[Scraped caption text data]
----

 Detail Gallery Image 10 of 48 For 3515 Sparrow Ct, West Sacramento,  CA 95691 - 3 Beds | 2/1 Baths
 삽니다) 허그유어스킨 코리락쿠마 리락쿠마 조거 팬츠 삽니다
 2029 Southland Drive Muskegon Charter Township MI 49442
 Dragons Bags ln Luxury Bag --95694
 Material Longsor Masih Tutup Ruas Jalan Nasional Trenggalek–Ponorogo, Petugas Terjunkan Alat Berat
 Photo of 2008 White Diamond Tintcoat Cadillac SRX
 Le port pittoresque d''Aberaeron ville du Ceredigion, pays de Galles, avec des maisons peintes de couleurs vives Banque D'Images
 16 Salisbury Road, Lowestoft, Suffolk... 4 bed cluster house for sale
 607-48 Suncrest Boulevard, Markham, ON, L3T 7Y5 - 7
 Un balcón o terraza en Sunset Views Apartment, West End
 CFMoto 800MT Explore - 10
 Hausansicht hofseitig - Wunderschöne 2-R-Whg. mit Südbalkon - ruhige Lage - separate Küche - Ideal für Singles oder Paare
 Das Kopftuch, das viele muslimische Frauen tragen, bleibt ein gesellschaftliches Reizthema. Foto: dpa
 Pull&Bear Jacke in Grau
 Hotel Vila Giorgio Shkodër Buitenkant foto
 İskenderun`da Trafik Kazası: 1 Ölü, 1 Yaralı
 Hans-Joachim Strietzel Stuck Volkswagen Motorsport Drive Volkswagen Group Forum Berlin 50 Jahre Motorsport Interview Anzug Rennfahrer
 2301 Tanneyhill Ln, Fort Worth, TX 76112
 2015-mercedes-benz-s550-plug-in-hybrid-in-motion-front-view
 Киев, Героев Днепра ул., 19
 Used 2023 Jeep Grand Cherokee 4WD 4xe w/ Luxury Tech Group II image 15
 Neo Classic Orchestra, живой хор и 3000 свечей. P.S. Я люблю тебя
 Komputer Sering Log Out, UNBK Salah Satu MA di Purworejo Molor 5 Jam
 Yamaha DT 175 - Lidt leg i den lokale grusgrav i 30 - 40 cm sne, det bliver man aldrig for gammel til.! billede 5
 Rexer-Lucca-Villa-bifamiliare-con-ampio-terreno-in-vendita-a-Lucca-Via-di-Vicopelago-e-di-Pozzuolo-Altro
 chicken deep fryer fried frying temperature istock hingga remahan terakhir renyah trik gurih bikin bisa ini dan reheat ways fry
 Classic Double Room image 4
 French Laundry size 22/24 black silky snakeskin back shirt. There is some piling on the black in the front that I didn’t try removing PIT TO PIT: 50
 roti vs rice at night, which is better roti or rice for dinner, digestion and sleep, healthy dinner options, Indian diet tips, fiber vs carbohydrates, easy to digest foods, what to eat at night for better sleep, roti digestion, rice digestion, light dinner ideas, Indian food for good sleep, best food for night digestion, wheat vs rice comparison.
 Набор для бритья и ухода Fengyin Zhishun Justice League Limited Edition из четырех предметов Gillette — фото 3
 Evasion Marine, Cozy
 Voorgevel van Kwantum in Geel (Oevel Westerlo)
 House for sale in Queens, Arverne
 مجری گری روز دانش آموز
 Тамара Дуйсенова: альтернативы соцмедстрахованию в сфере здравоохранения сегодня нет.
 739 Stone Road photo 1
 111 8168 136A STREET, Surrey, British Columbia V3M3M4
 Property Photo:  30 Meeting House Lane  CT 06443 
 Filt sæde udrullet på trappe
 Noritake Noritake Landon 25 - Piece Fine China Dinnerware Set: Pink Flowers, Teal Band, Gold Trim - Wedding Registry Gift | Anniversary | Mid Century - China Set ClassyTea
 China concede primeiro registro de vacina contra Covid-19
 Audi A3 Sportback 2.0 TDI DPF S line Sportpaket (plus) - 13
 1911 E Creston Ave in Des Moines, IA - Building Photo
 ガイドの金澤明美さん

----

Where a line above includes "front", copy that line.

 2015-mercedes-benz-s550-plug-in-hybrid-in-motion-front-view
 French Laundry size 22/24 black silky snakeskin back shirt. There is some piling on the black in the front that I didn’t try removing PIT TO PIT: 50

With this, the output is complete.